> [WHAT NEEDS TO BE DONE] Copy every record verbatim. Leave the pictures out.

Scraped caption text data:
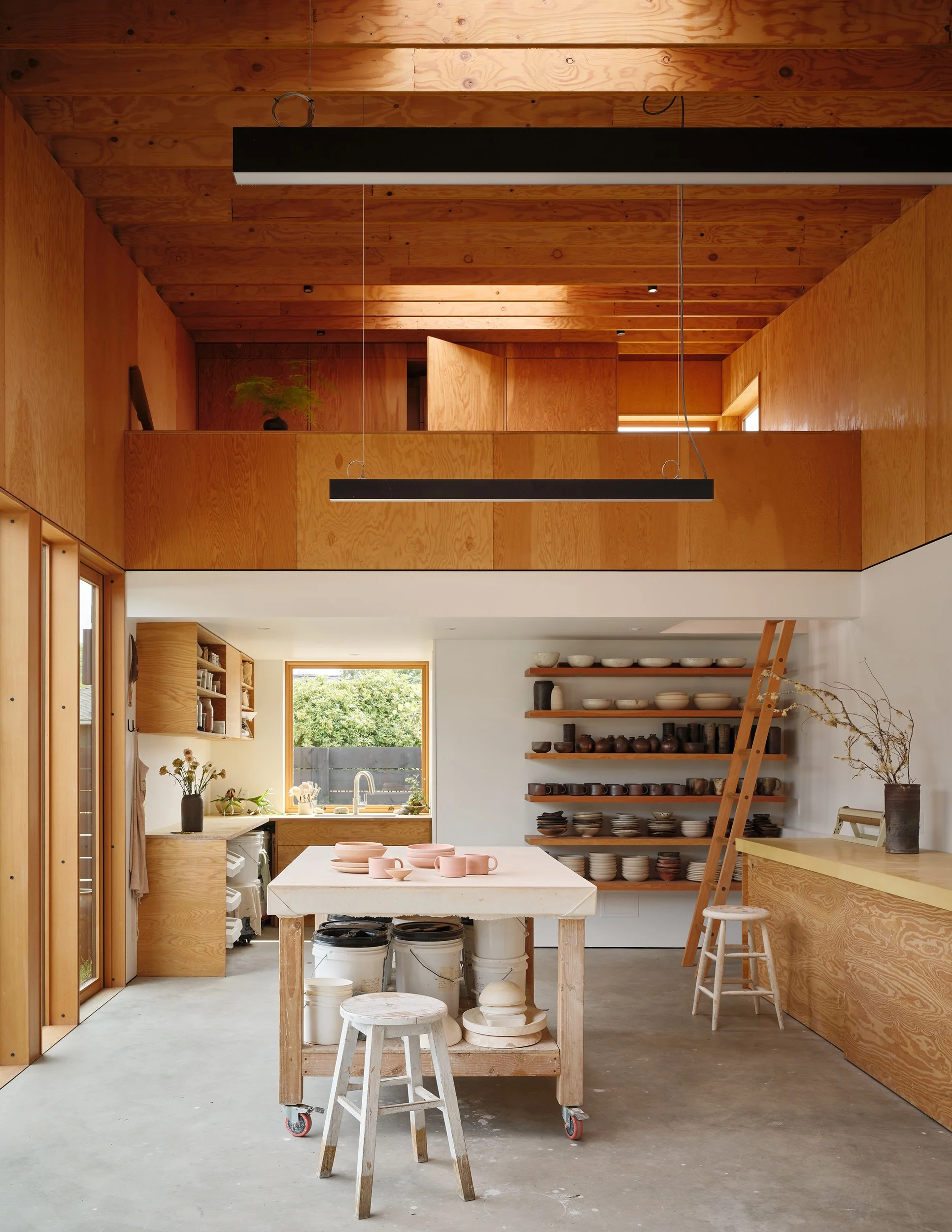 GO'C_Ceramics Studio_13 Interior Loft.jpg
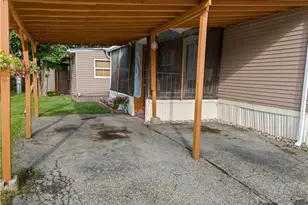 338 Festival Rd, Chartiers, PA 15301 - Photo 16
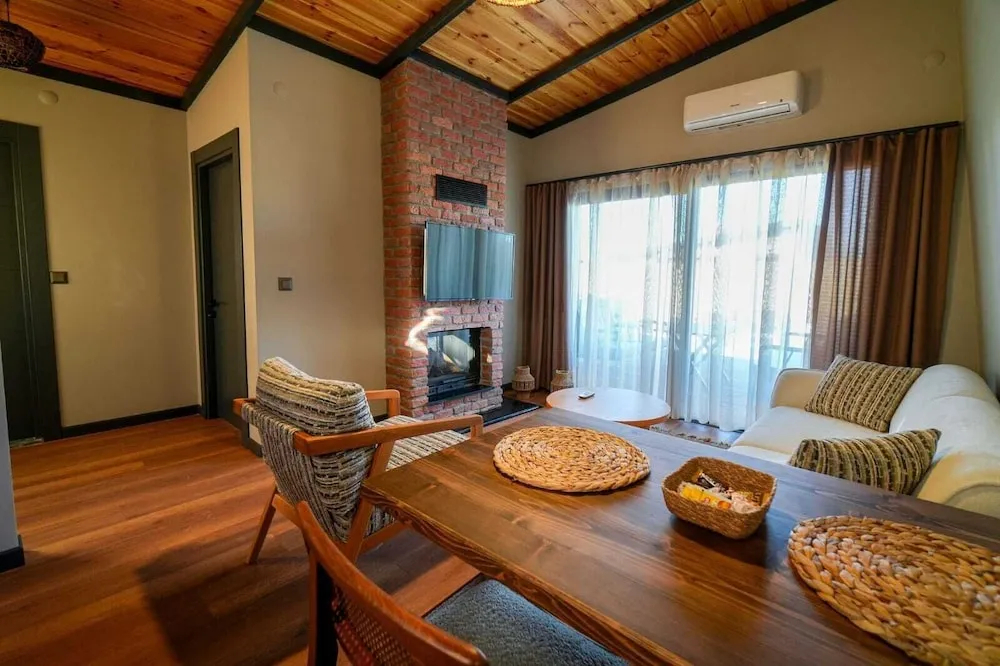 Junior Garden Isıtmalı Havuzlu Villa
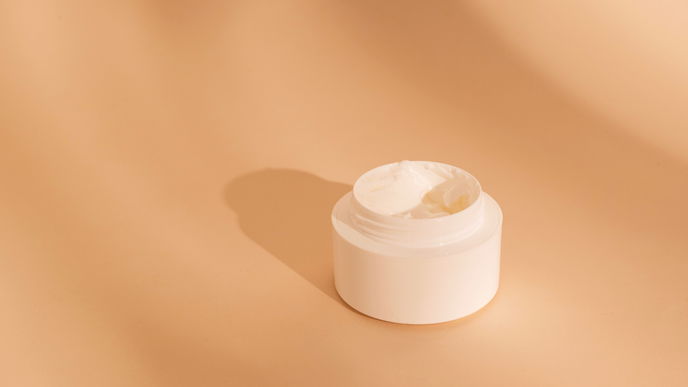 Beste Antifaltencreme von dm? Dieses Drogerie-Schnäppchen ist wirksamer als so manches Luxusprodukte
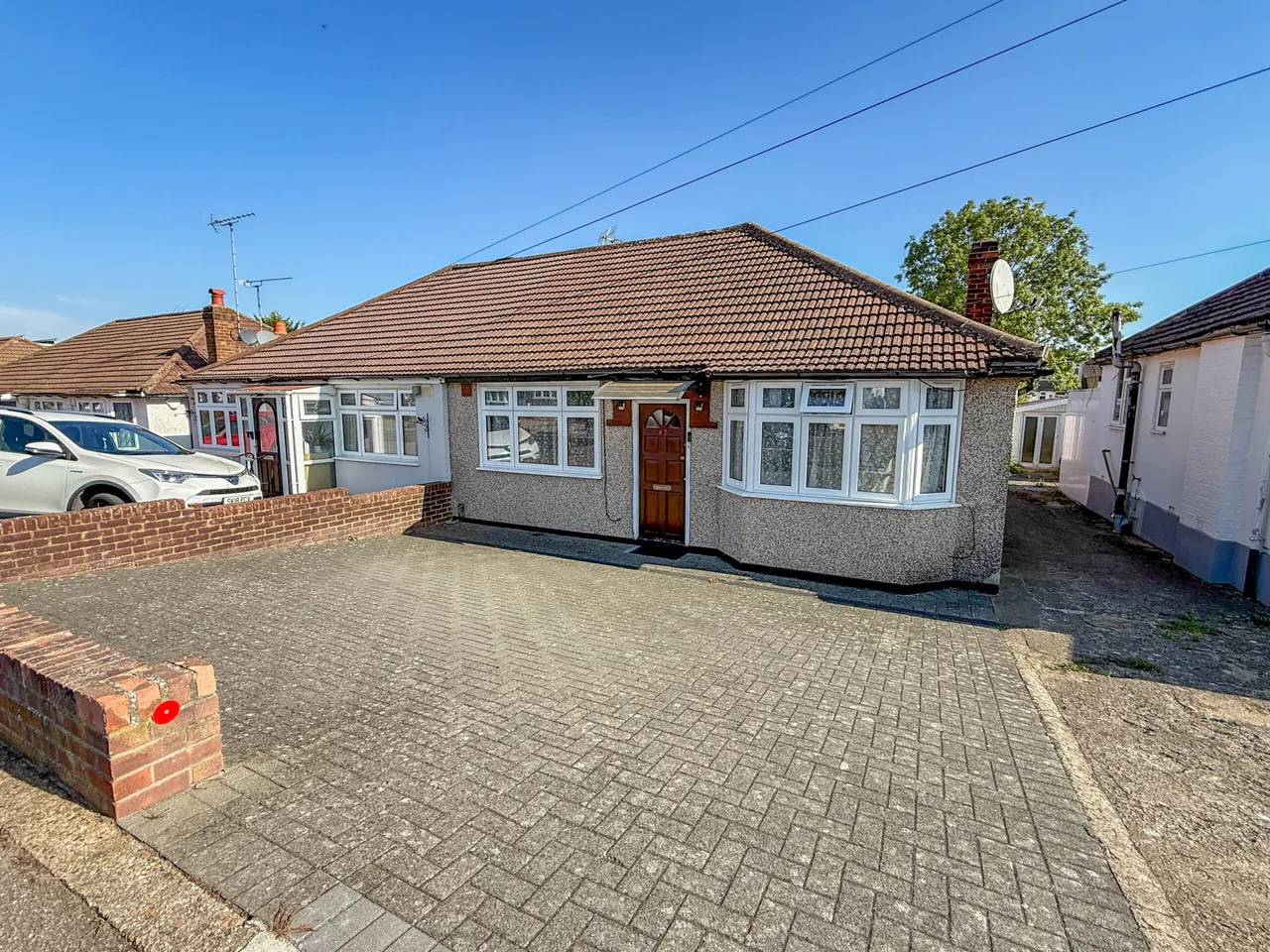 2 bed house for sale, Compton Place, Watford, WD19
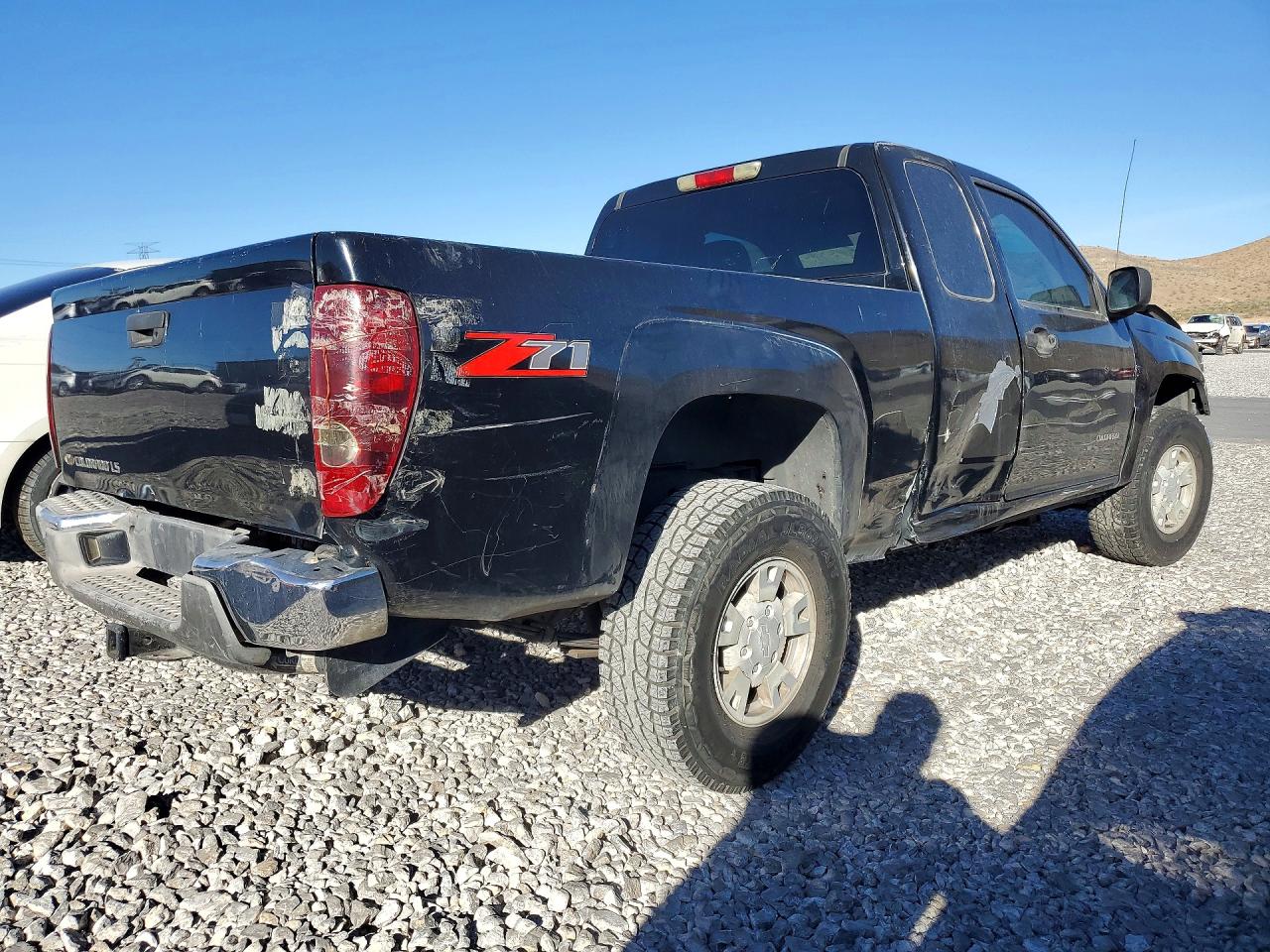 2005 Chevrolet Colorado Black vin: 1GCDS196458227905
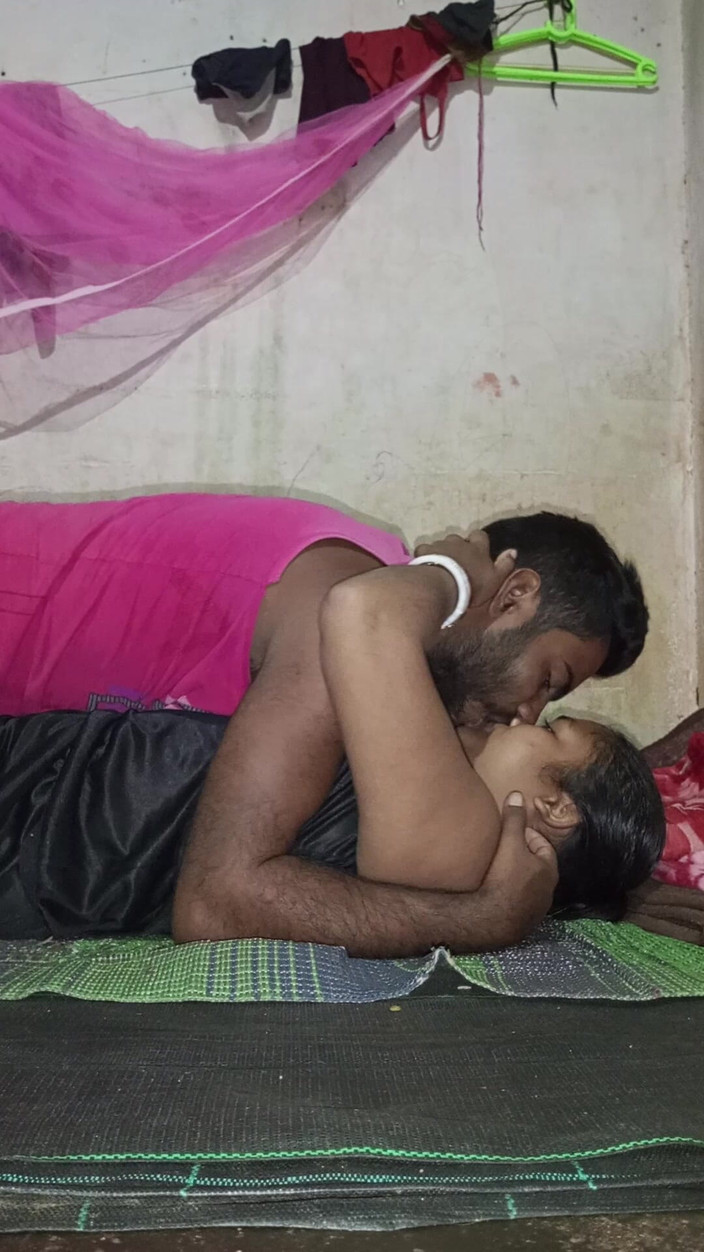 Mridulmadhu: Make fru full deshi sexig video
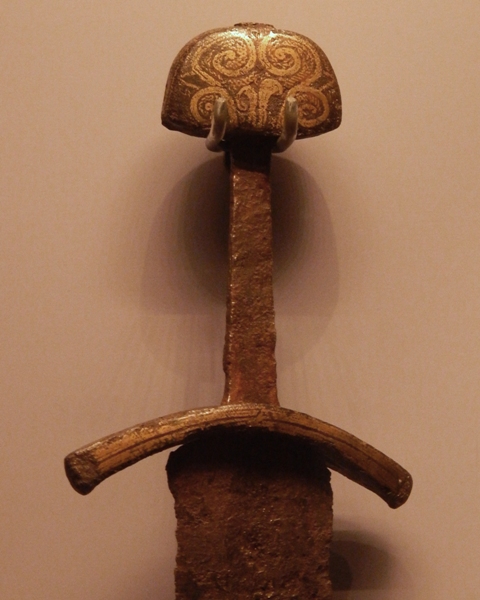 File:Ashmolean Sword - Battersea (1884.121.21) hilt a.jpg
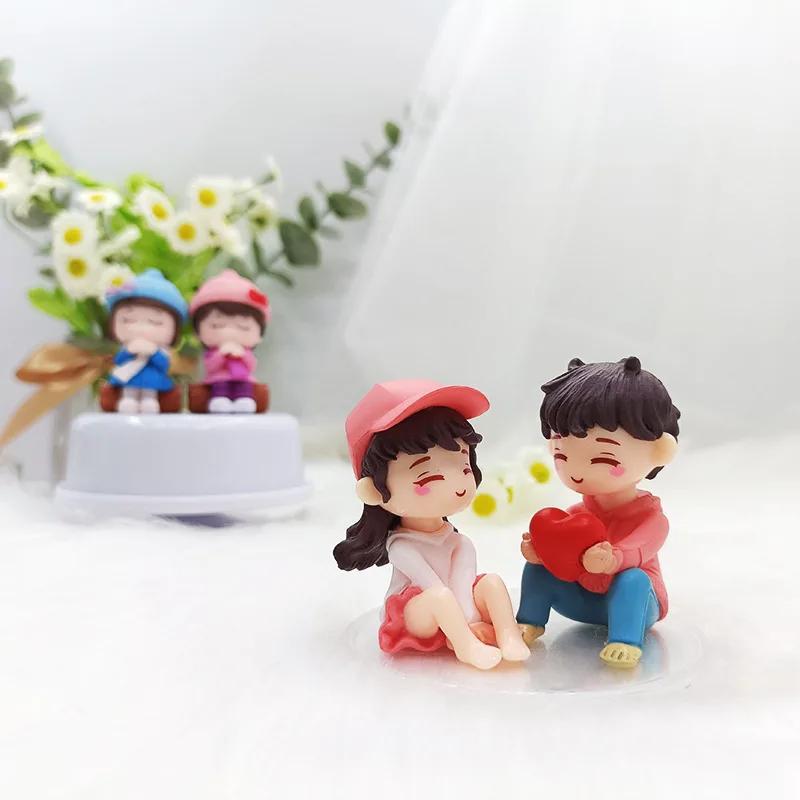 Mini resin couple doll micro landscape DIY wish couple love boy girl decoration cake topper toy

> [RESPONSE AREA]
 GO'C_Ceramics Studio_13 Interior Loft.jpg
 338 Festival Rd, Chartiers, PA 15301 - Photo 16
 Junior Garden Isıtmalı Havuzlu Villa
 Beste Antifaltencreme von dm? Dieses Drogerie-Schnäppchen ist wirksamer als so manches Luxusprodukte
 2 bed house for sale, Compton Place, Watford, WD19
 2005 Chevrolet Colorado Black vin: 1GCDS196458227905
 Mridulmadhu: Make fru full deshi sexig video
 File:Ashmolean Sword - Battersea (1884.121.21) hilt a.jpg
 Mini resin couple doll micro landscape DIY wish couple love boy girl decoration cake topper toy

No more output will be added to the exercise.